● **TRY IT**:
Only one stretch of the data below should be repeated: the lines from the line containing "Hawaii King Kamehameha" through the line containing "Inc 5 Women White Textured Open Toe Wedges", inclusive, exactly as they are.

● **EXTRACTED DATA**:
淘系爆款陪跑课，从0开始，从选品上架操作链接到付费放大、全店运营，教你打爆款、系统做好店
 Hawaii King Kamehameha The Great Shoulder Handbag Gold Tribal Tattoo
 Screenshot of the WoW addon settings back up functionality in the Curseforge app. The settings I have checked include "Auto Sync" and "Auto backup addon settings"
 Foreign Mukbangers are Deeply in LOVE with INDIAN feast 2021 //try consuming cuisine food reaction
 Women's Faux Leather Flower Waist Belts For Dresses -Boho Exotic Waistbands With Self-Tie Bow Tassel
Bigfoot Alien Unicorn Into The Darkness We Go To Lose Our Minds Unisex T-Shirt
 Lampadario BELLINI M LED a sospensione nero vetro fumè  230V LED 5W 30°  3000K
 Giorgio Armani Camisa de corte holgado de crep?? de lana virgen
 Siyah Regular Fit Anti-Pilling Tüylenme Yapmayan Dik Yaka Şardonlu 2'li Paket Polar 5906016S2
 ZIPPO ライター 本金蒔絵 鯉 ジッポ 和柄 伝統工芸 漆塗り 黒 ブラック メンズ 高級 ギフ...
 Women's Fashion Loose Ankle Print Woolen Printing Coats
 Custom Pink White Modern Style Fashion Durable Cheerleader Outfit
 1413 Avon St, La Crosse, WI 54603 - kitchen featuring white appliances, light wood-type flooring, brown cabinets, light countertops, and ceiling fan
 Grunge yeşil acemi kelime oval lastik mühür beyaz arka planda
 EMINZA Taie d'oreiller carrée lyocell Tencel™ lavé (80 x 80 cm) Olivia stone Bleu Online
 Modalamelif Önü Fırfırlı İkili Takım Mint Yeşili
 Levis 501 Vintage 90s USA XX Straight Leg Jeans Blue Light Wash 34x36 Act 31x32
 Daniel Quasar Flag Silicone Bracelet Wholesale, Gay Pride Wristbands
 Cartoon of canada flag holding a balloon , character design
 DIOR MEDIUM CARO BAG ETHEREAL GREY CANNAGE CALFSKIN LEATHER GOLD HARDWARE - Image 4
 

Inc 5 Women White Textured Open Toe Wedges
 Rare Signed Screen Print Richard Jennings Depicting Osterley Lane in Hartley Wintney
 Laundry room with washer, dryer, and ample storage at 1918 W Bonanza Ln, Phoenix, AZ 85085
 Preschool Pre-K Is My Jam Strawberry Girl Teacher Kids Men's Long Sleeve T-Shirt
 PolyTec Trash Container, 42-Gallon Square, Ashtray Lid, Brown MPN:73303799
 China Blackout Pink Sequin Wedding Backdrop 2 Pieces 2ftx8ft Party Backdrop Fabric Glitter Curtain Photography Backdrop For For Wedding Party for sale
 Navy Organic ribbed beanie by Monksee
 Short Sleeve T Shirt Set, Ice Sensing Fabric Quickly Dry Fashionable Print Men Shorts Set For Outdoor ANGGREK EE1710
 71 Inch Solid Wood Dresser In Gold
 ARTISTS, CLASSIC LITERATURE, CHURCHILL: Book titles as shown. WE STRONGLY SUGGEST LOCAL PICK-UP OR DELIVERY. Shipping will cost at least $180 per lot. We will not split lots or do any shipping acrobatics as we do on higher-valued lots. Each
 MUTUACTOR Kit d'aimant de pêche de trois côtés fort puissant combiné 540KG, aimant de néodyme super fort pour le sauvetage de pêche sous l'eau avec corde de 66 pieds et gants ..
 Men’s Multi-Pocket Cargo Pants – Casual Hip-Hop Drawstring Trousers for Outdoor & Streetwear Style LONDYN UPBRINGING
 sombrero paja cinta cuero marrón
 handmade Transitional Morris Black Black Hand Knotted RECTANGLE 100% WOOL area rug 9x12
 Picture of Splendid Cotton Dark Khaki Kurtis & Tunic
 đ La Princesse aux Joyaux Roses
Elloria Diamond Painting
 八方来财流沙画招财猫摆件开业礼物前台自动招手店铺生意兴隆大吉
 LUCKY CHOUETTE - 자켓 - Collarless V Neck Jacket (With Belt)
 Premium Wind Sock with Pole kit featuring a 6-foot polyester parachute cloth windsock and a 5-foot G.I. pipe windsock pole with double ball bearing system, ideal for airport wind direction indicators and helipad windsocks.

● **FINISHED TASK**:
 Hawaii King Kamehameha The Great Shoulder Handbag Gold Tribal Tattoo
 Screenshot of the WoW addon settings back up functionality in the Curseforge app. The settings I have checked include "Auto Sync" and "Auto backup addon settings"
 Foreign Mukbangers are Deeply in LOVE with INDIAN feast 2021 //try consuming cuisine food reaction
 Women's Faux Leather Flower Waist Belts For Dresses -Boho Exotic Waistbands With Self-Tie Bow Tassel
Bigfoot Alien Unicorn Into The Darkness We Go To Lose Our Minds Unisex T-Shirt
 Lampadario BELLINI M LED a sospensione nero vetro fumè  230V LED 5W 30°  3000K
 Giorgio Armani Camisa de corte holgado de crep?? de lana virgen
 Siyah Regular Fit Anti-Pilling Tüylenme Yapmayan Dik Yaka Şardonlu 2'li Paket Polar 5906016S2
 ZIPPO ライター 本金蒔絵 鯉 ジッポ 和柄 伝統工芸 漆塗り 黒 ブラック メンズ 高級 ギフ...
 Women's Fashion Loose Ankle Print Woolen Printing Coats
 Custom Pink White Modern Style Fashion Durable Cheerleader Outfit
 1413 Avon St, La Crosse, WI 54603 - kitchen featuring white appliances, light wood-type flooring, brown cabinets, light countertops, and ceiling fan
 Grunge yeşil acemi kelime oval lastik mühür beyaz arka planda
 EMINZA Taie d'oreiller carrée lyocell Tencel™ lavé (80 x 80 cm) Olivia stone Bleu Online
 Modalamelif Önü Fırfırlı İkili Takım Mint Yeşili
 Levis 501 Vintage 90s USA XX Straight Leg Jeans Blue Light Wash 34x36 Act 31x32
 Daniel Quasar Flag Silicone Bracelet Wholesale, Gay Pride Wristbands
 Cartoon of canada flag holding a balloon , character design
 DIOR MEDIUM CARO BAG ETHEREAL GREY CANNAGE CALFSKIN LEATHER GOLD HARDWARE - Image 4
 

Inc 5 Women White Textured Open Toe Wedges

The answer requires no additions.